(Washington) Geoffrey Hinton, considered one of the founding fathers of artificial intelligence (AI) has warned of its dangers by leaving his position at the giant Google.

“I left so I could talk about the dangers of AI without worrying about any impact on Google,” Hinton tweeted after the New York Times announced his departure.

Advances in this sector entail “ deep risks for society and humanity ”, believes in the American newspaper Mr. Hinton, who has created a foundation dedicated to AI systems.

“ Look at where we were five years ago and the current situation ”, he continues, judging “ frightening ” the prospects for the future by making projections on the basis of the progress of recent years.

According to him, “ it is difficult to see how to prevent bad actors from using it for bad things ”.

The rapid deployment of an increasingly “ general ” artificial intelligence (AI), endowed with human cognitive capacities and therefore likely to disrupt many professions, was symbolized by the launch in March by OpenAI of GPT-4, a new, more powerful version of the natural language model that powers ChatGPT.

This generative AI interface has been used by millions of people for a few months to write essays, poems or even lines of computer code.

This launch also spurred competition in this area.

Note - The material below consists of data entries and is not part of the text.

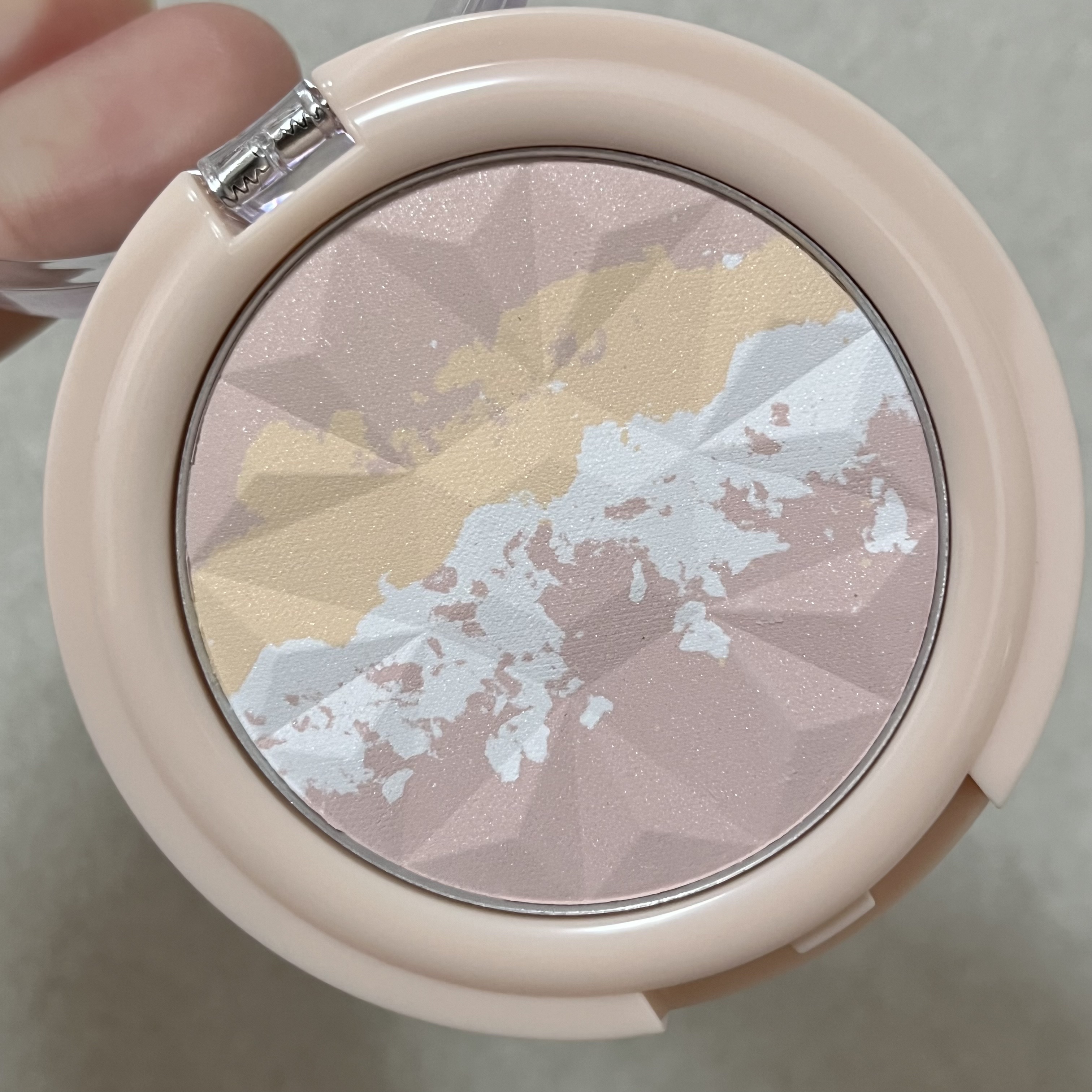 レブロン ルーセント フィニッシュ パウダー/REVLON/プレストパウダーを使ったクチコミ（2枚目）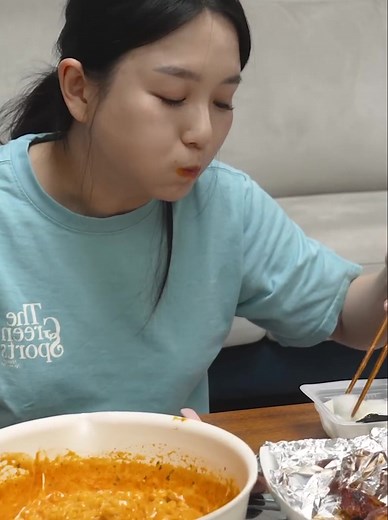 Real Mukbang_) Carbonara Buldak Ramen & Grilled Spicy Chicken ☆ Dessert Strawberry | Mubang Show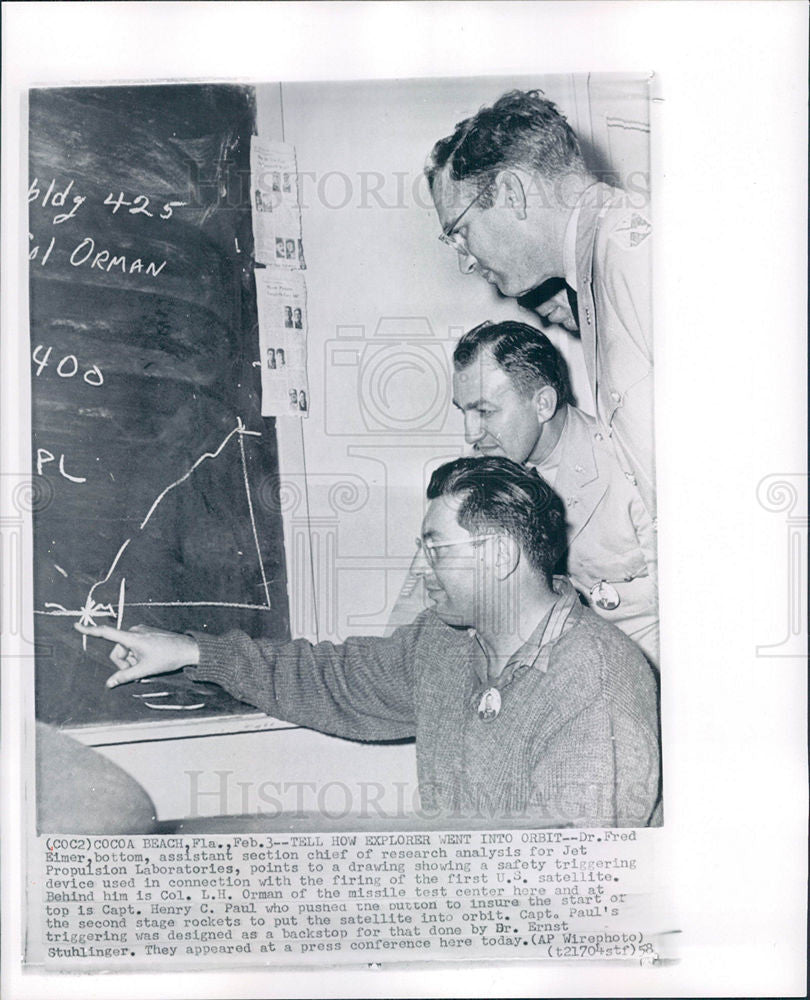 1958 Press Photo Fred Elmer Drawing Satellite Device - Historic Images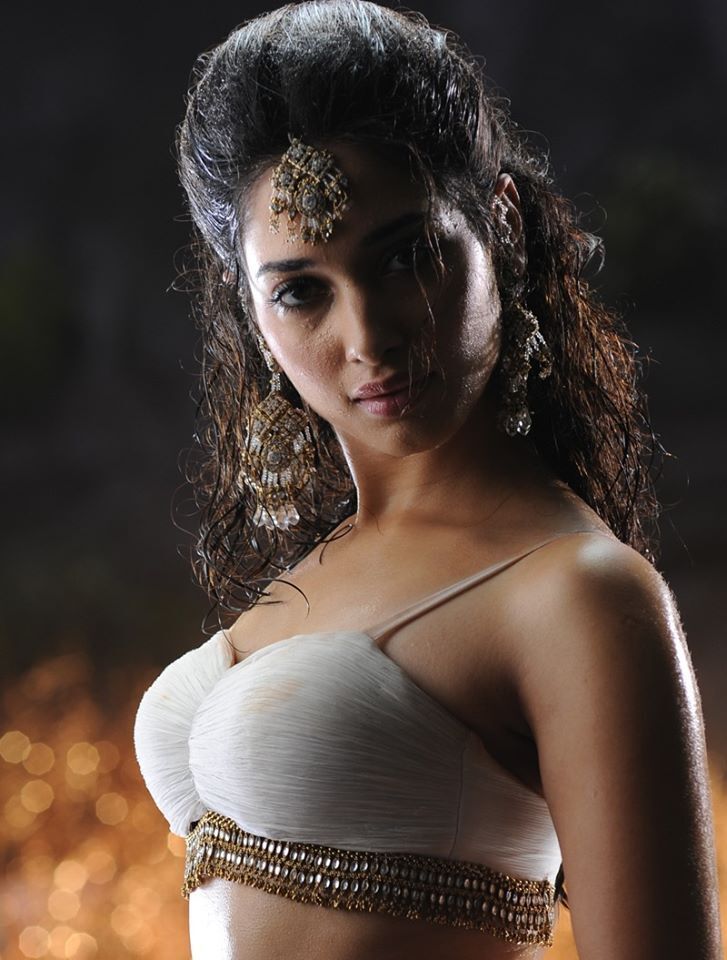 താരറാണി തമന്നയുടെ വൈറല്‍ ഫോട്ടോകള്‍ കാണാം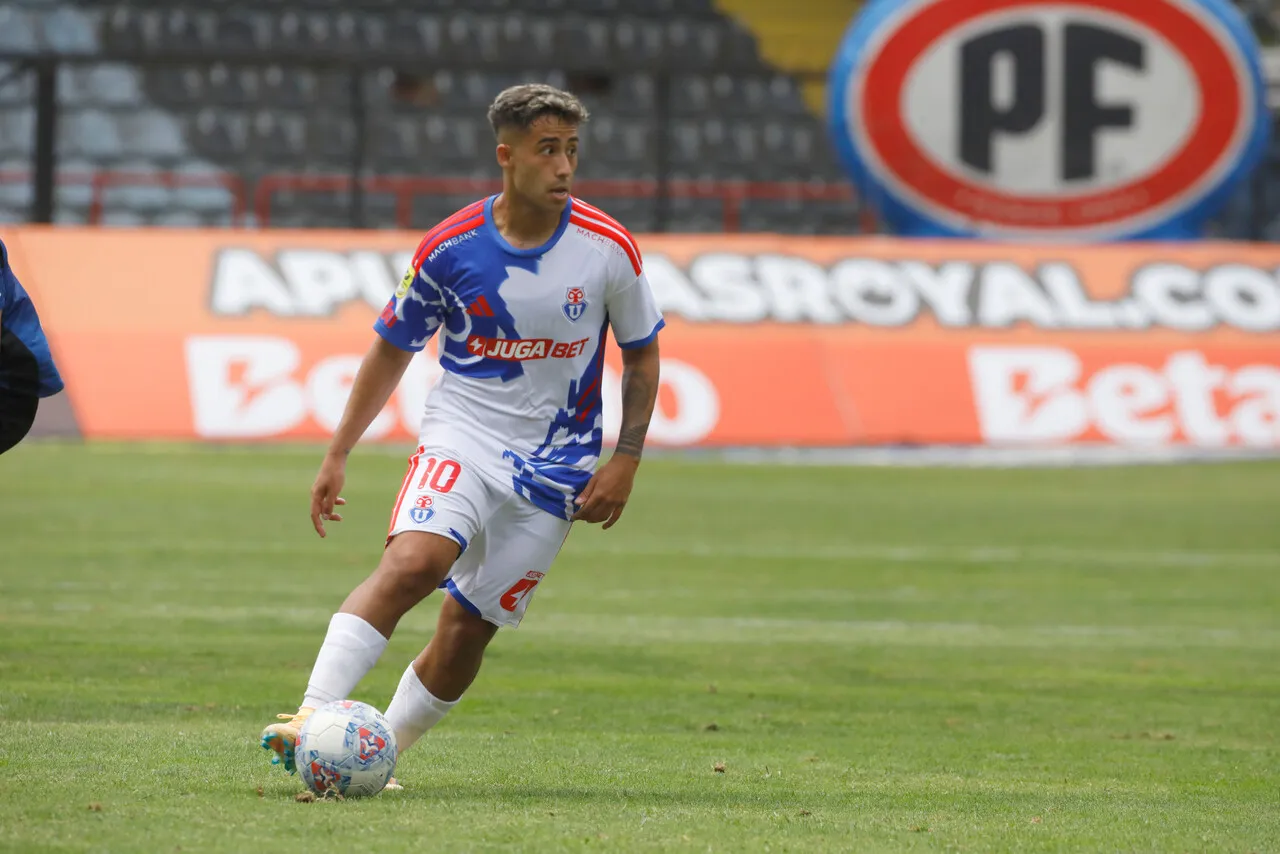 Caamaño y su claro mensaje a Assadi en la U | Foto: Photosport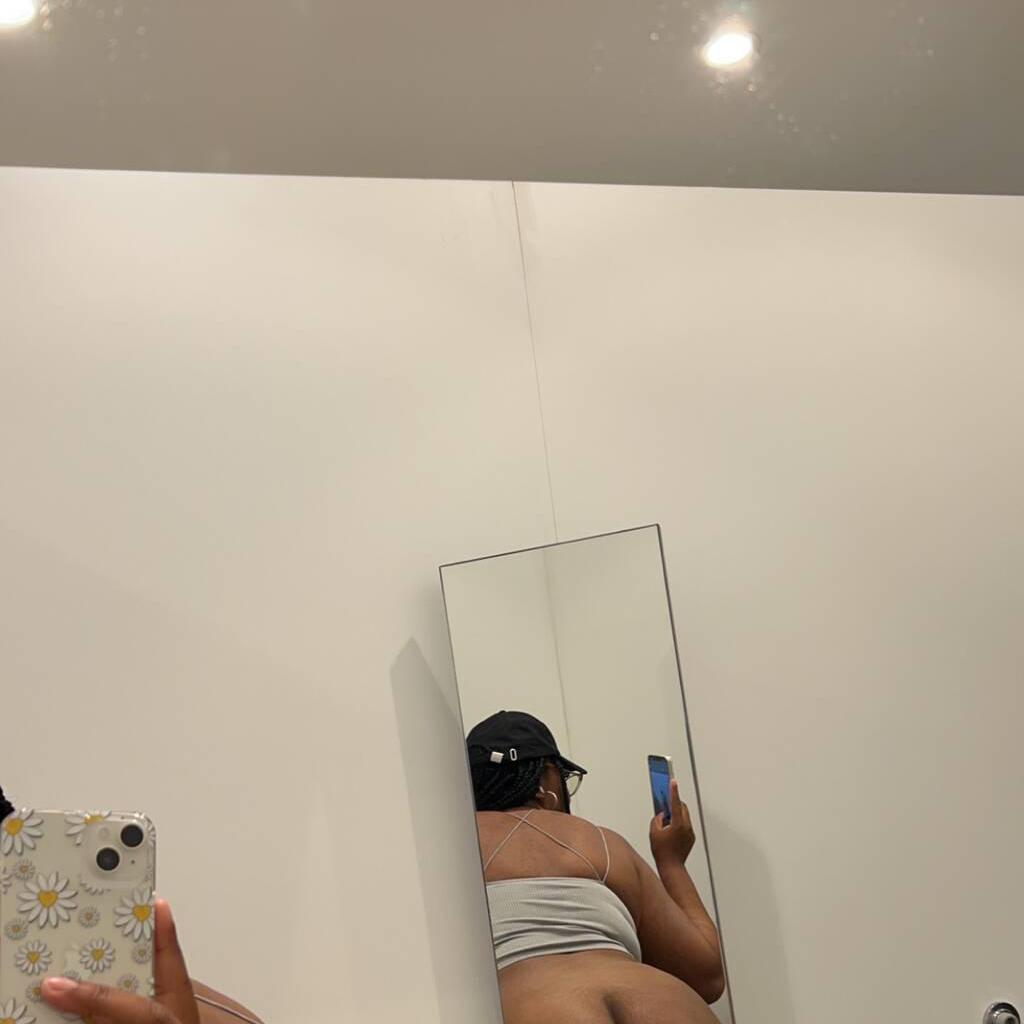 
                        Ruby  Rose
                     is Female Escorts. | Cornwall | Ontario | Canada | escortsaffair.com 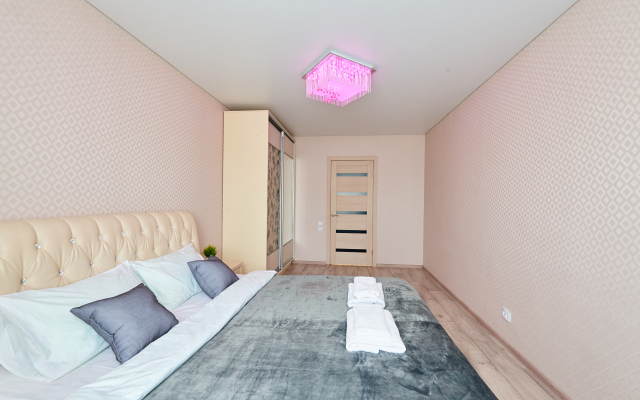 Апартаменты Двухкомнатные Sutki VIP на Тамбовской 23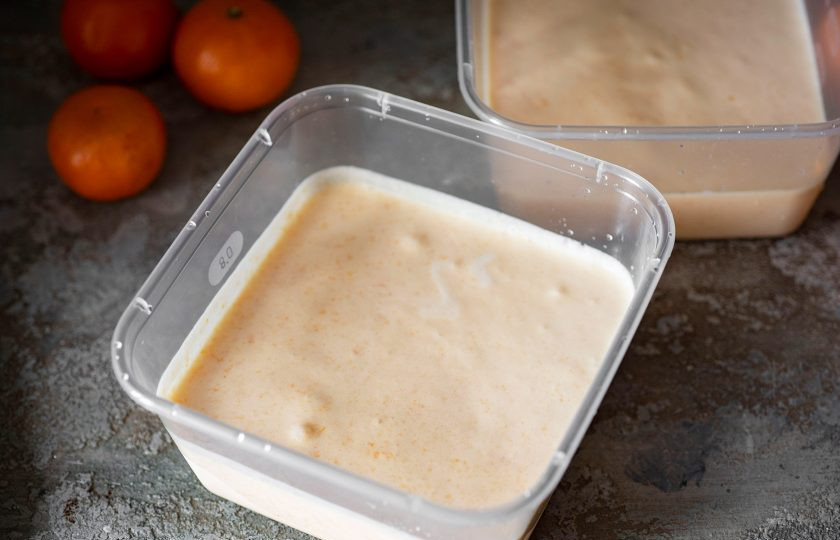 1. Этап. Мандариновое мороженое: Однородную сливочно-мандариновую смесь выложите в удобный для замораживания пластиковый контейнер, закройте крышкой и поместите в морозильную камеру минимум на 4 часа. Несколько раз через промежутки времени в 40 минут пробивайте будущее мороженое погружным блендером.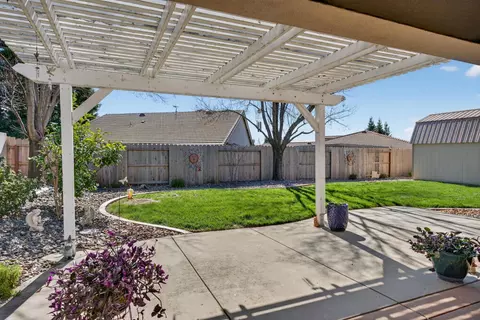 Exterior - 751 Woodacre Dr, Redding, CA 96002 photo 2 of 7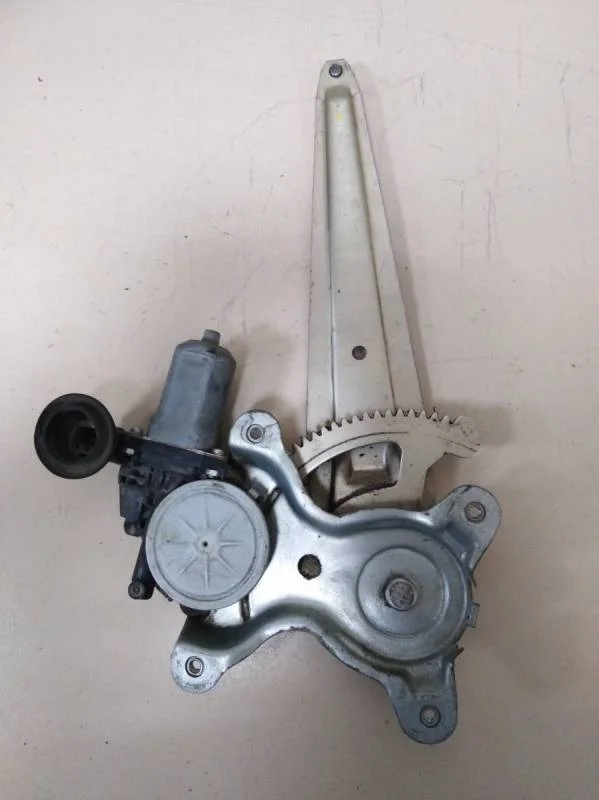 Стеклоподъемник электр. задний левый Toyota Highlander (U40) 2007-2013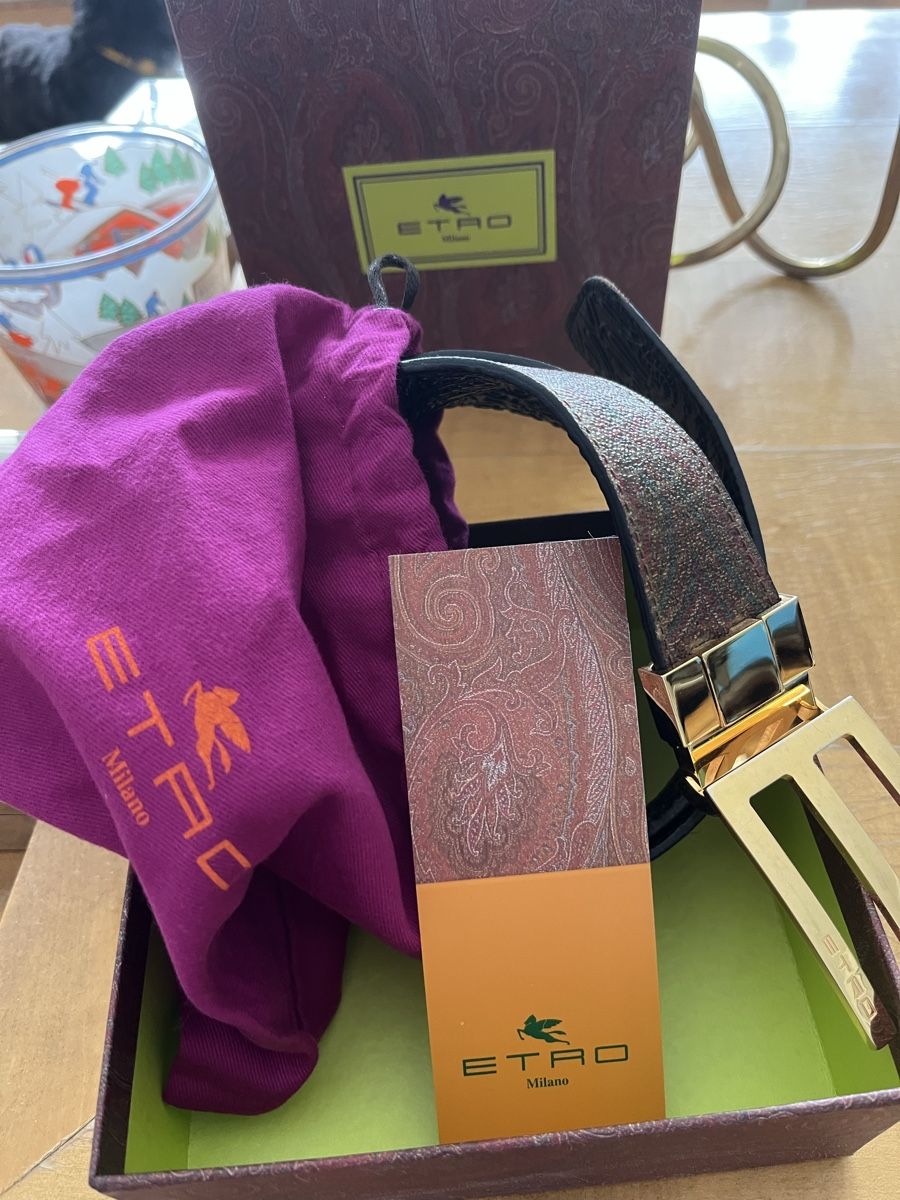 Etro Cinture: Ceinture Etro réversible - Élégance et polyvalence! – Usato da Crans VS venduto da Vera3014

Mr. Hinton also warns, in The New York Times, about misinformation that could be generated by AI.

The expert informed Google of his resignation last month, according to the newspaper.

In the tweet confirming his departure he refutes any desire to criticize the technology giant for this decision. “ Google has behaved very responsibly ”, he writes.

In March, billionaire Elon Musk — one of the founders of OpenAI, whose board he later left — and hundreds of global experts called for a six-month hiatus from research into AIs more powerful than GPT- 4, referring to “ major risks for humanity ”.

Geoffrey Hinton was not one of the signatories, but he told the New York Times that scientists should not ramp up these AIs “until they know if they are able to control them”.

In 2019, Mr. Hinton had received, along with two other specialists in artificial intelligence, the Turing Prize, the equivalent of the Nobel for computer scientists.